È chiaro, quindi, che a questo punto la sfida diventa sempre più complessa, perché si deve sempre andare ad inseguire. D’altra parte, però (e mi riaggancio al discorso che non basta la cooperazione), torniamo al problema del perché mai l’impresa profit dovrebbe investire sul carcere…

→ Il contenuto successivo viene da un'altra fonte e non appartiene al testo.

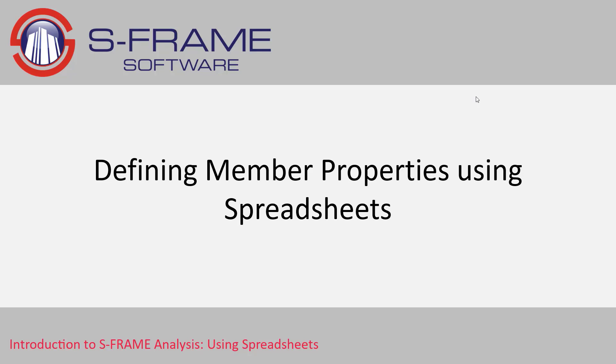In this video we're going to look at how we can define member properties and adjust member properties using spreadsheets in S-FRAME.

Io, qui, vedo due problemi grossissimi: uno lo vedo difficilmente risolvibile, l’altro con qualche possibilità maggiore di soluzione. Comincio dal più facile da risolvere, cioè l’incentivazione. È chiaro che l’unica prospettiva, in quest’ottica di sempre maggiore flessibilità del mondo del lavoro, è quello dell’incentivo perché (e questo è l’altro problema, non me ne vogliano i rappresentanti dell’Amministrazione penitenziaria qui presenti) purtroppo il mondo penitenziario è quanto di meno flessibile ci sia. Ed è meno flessibile perché ovviamente ha delle tempistiche che non sono quelle del mondo del lavoro.

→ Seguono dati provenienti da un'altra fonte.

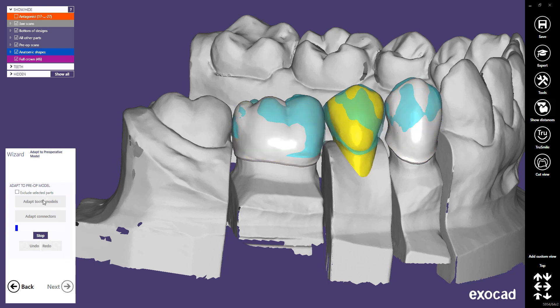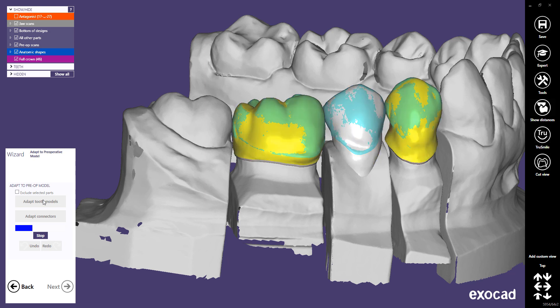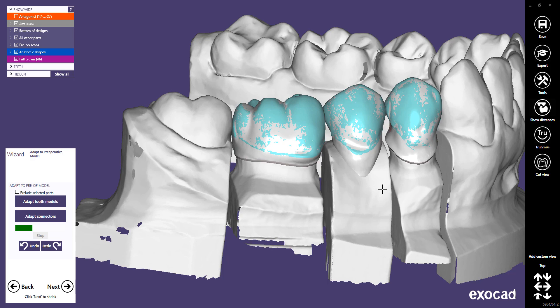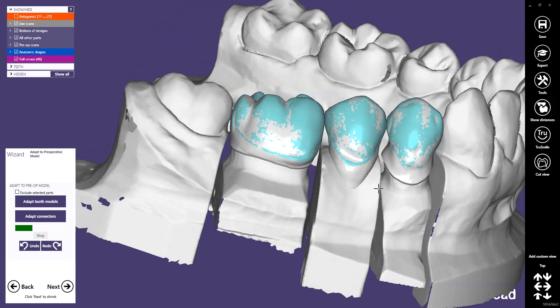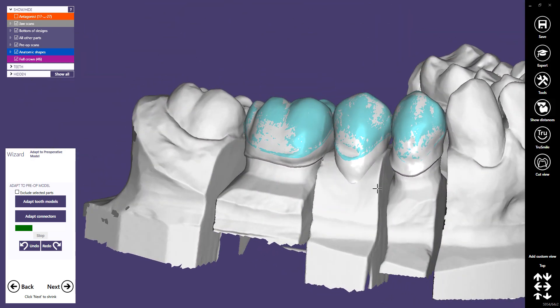Click Adapt Tooth Models to start the adaptation. Model teeth will now be adapted to the scan little by little — you can see the progress. Once you think the adaptation is good enough, click Stop. The following steps are exactly the same as for an anatomic or reduced restoration.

Questo discorso dei tempi è un discorso che mi venne sollecitato proprio da Licia Roselli, con una riflessione, in un’altra occasione, circa un anno fa. Quando le chiesi: "Qual è il problema più grosso che voi operatori avete?", lei mi rispose "I tempi". Ma è ovvio, qui ci sono i detenuti… io ho fatto il Magistrato di Sorveglianza per tanti anni: i tempi del carcere e i tempi del mondo sono due cose diverse e non si riescono a mettere assieme. E con questo non sto solo parlando dei tempi tecnici, ma sto proprio parlando della concezione del tempo (scusatemi questa deriva… filosofica, se volete). I tempi sono diversi.

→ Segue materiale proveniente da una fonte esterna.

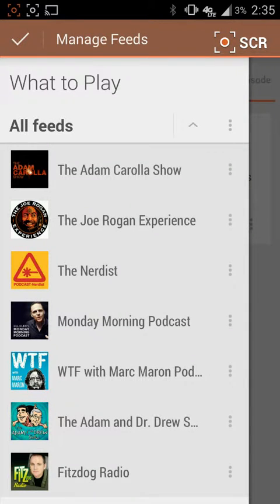What's up guys and welcome to another episode. In this episode I'm going to be talking about BeyondPod. BeyondPod is going to be my new daily podcast player when it comes to playing podcasts off my Android device.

Sono diversi anche i tempi della Magistratura di Sorveglianza, perché ci sono i termini, perché bisogna fare l’udienza, perché bisogna mandare la polizia a controllare, perché c’è tutta una serie di cose dalle quali non si può prescindere, rispetto alle quali il mondo del lavoro, oggi ancor di più, invece ha bisogno di velocità, di flessibilità, ma non solo in termini di "mi sposto da qui a lì", ma anche "mi sposto da qui a lì velocemente", perché qui non hanno più bisogno e vado lì, poi non ce l’avranno più lì e allora io devo essere capace di tornare di qui. Voi lo sapete meglio di me, rapportare questa capacità di movimento al lavoro penitenziario non è cosa semplice.

L’altro discorso, sulla incentivazione, non ve lo faccio, nel senso che ho vicino a me chi ha informazioni migliori e ne sa di più, ma è chiaro che è l’unico strumento, l’unica leva che può in qualche modo aiutarci, in questa situazione.